● **Instructions for the task**: Leaving out the pictures, write the following records exactly as they read.

Data records:
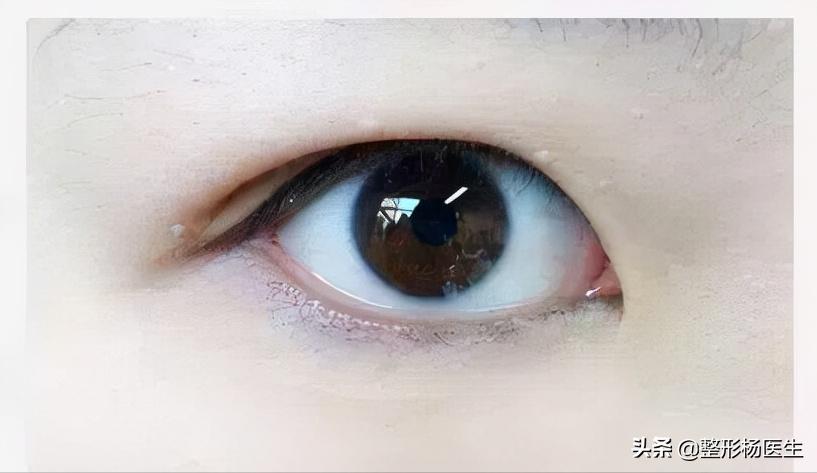 肿眼泡适合做埋线双眼皮吗,贴双眼皮贴还是肿眼泡可以埋线吗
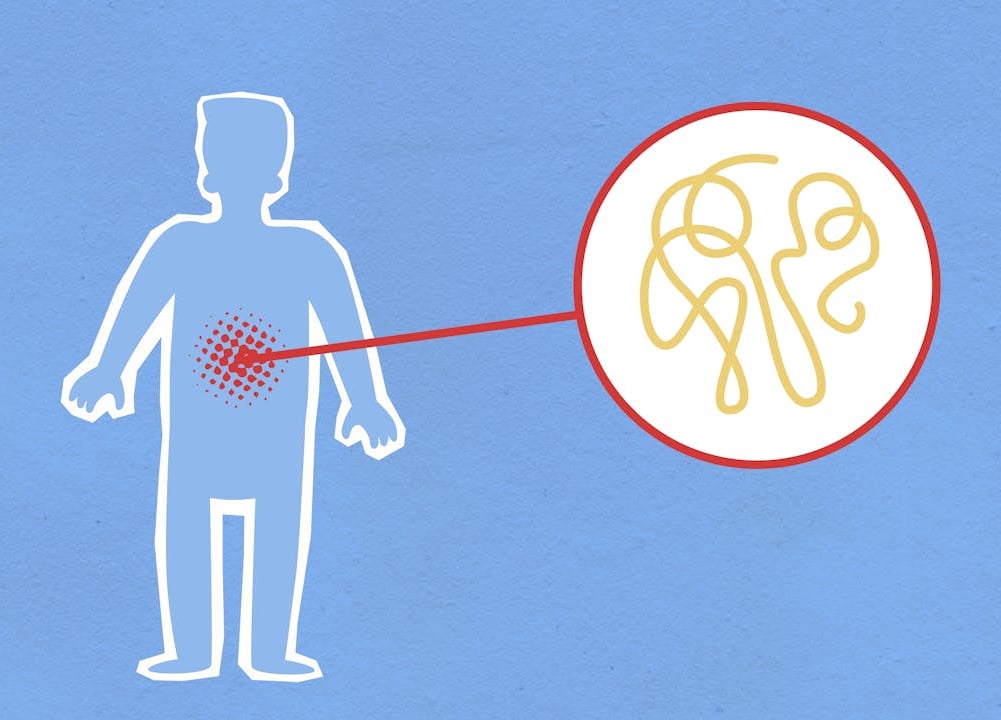 Inflammation Explained: Causes, Symptoms, and Natural Remedies for a Healthier Body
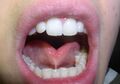 Frenulum linguae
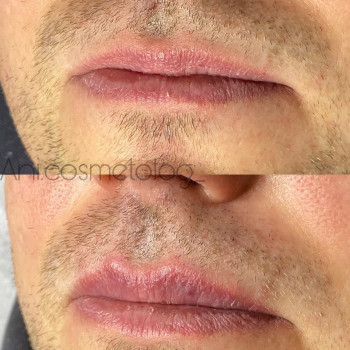 Аніта Сергіївна, Одеса Фото - 19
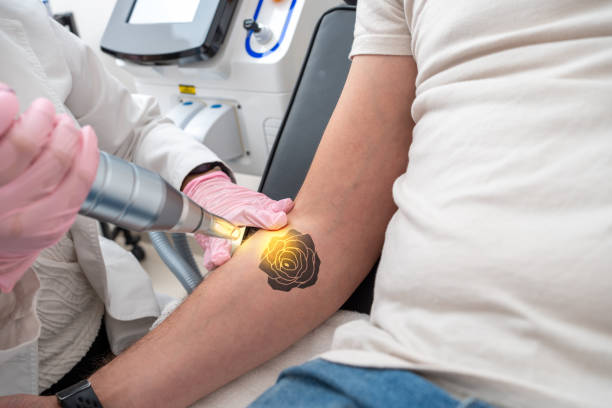 How Long Does Laser Tattoo Removal Take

● **Solution for this task**:
 肿眼泡适合做埋线双眼皮吗,贴双眼皮贴还是肿眼泡可以埋线吗
 Inflammation Explained: Causes, Symptoms, and Natural Remedies for a Healthier Body
 Frenulum linguae
 Аніта Сергіївна, Одеса Фото - 19
 How Long Does Laser Tattoo Removal Take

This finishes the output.